Two architectures are proposed as candidates for the implementation: frequency-interleaved and parallel. The frequency-interleaved architecture is inspired from the prototype in Ref. . It is investigated because it reduces the number of components and the number of ADC channels. The parallel architecture is derived from the frequency interleaved architecture. Although more components are required, it has a potential for more versatile usage.
3.5. Parallel architecture
A synoptic of the parallel architecture is shown in Figures 1.a, 1.b, and 1.c. The signal is directly synthesized in intermediate frequencies (IF) ranging from 1 to 2 GHz and a low pass filter removes the mirror image. The IF signal is up-converted in radio frequencies (RF) ranging from 9.9 to 10.9 GHz by FLO1 = 8.9 GHz, and a band pass filter removes the mirror image. For short-range applications, the signal can be amplified by a low noise amplifier; and for longer ranges, a power amplifier can be used. At the output of the amplifier stage, a 20dB directional coupler splits the signal: the coupled output feeds the signal to the reference channel and the direct path is connected to the transmitter antenna feed. The backscattered signal is received by the second antenna which is connected to the test channel. The received signal travels through a low noise amplifier and a band pass filter removes the mirror image before down-conversion by FLO1 = 8.9 GHz. The signal in the reference channel is attenuated and down-converted by FLO2 = FLO1 = 8.9 GHz. In both the reference and the test channels, the signals are band pass filtered to avoid aliasing and are then amplified prior to digitization.
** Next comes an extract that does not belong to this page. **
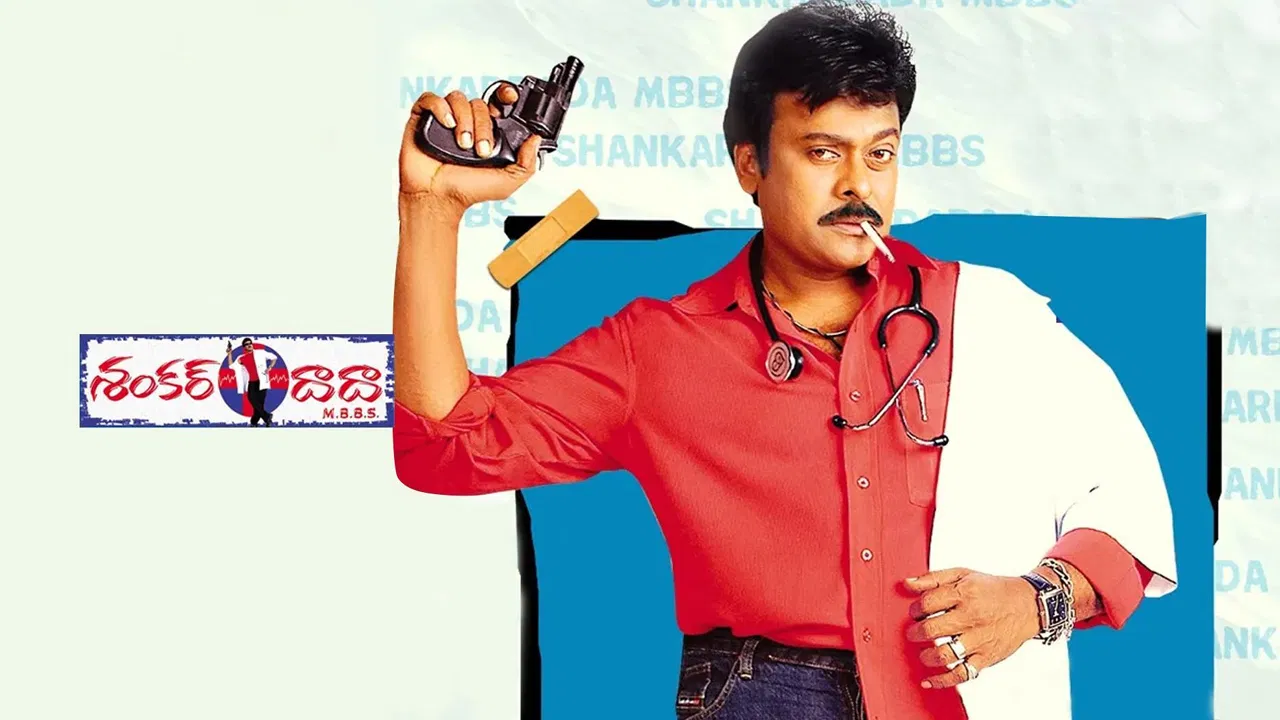 ‘శంకర్‌దాదా ఎంబీబీఎస్‌’ రీరిలీజ్ ట్రైలర్ విడుదల...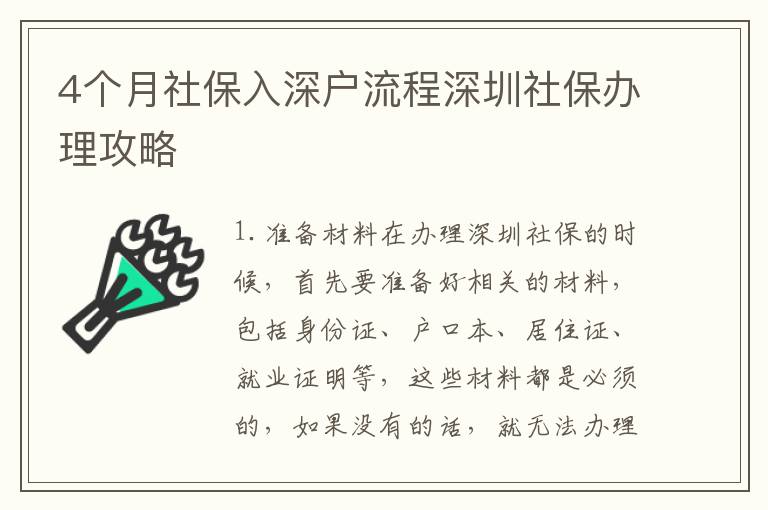 4個月社保入深戶流程深圳社保辦理攻略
A generic algorithm (Figure 1.d) was devised according to the architectures’ characteristics, and with the objective to compare waveforms. The algorithm is implemented to process any kind of waveforms. This allows comparing two distinct signals on waveform-independent criteria. Radar systems use pulse compression in order to “see” the targets within the antenna beam. Matched filtering was chosen to process the data and the algorithm was modified to reduce the processing power required using radix-2 FFT.
This section presented the performance criteria, the simulation processes, and the radar system for an unbiased comparison of different waveforms. The next section will present the simulation results.
4. Waveform simulations
The radar emits in continuous wave and the waveforms will cover the bandwidths of 1 MHz, 10 MHz, 150 MHz, and 800 MHz, and pulse repetition period (PRP) of 500 ns, 5 µs, 50 µs, 500 µs, and 1 ms. Each bandwidth value will be tested with every PRP values. It cannot be done in one case as 500 ns pulse already produces 2 MHz instantaneous bandwidth, thus the combination 1 MHz with 500 ns is not possible. The IF sampling frequency is 2 GS/s and the IF frequency range is centred on 1.5 GHz, the signal instantaneous bandwidth varies from 1 MHz to 800 MHz.
The studied signals are the Newman Phase Coded  Multitones and the linear Chirp. The latter is a reference in the radar community and will be used as reference to evaluate the performances of Multitones.
A multitude of phase codes exist to reduce PMEPR for Multitones such as Reed–Muller with complementary Golay codes, bi-phase codes, Newman phase codes, etc. For radar application, Doppler tolerance is important to detect moving targets and avoid the multiplication of filters to process the data, Newman phase-codes  were chosen because they are easy to implement, the PMEPR reduction is sufficient and it is Doppler tolerant. Furthermore this code is compatible with any vector size. Other codes – an overview of coding techniques can be found in  – may be more efficient but Newman phase-codes were chosen because they fit the requirements for radar applications; the aim is to evaluate the contribution of Multitones for radar, not to optimize the waveform phase code. Also note that Multitones need to respect constraints at the generation and digitization to avoid intermodulation interference.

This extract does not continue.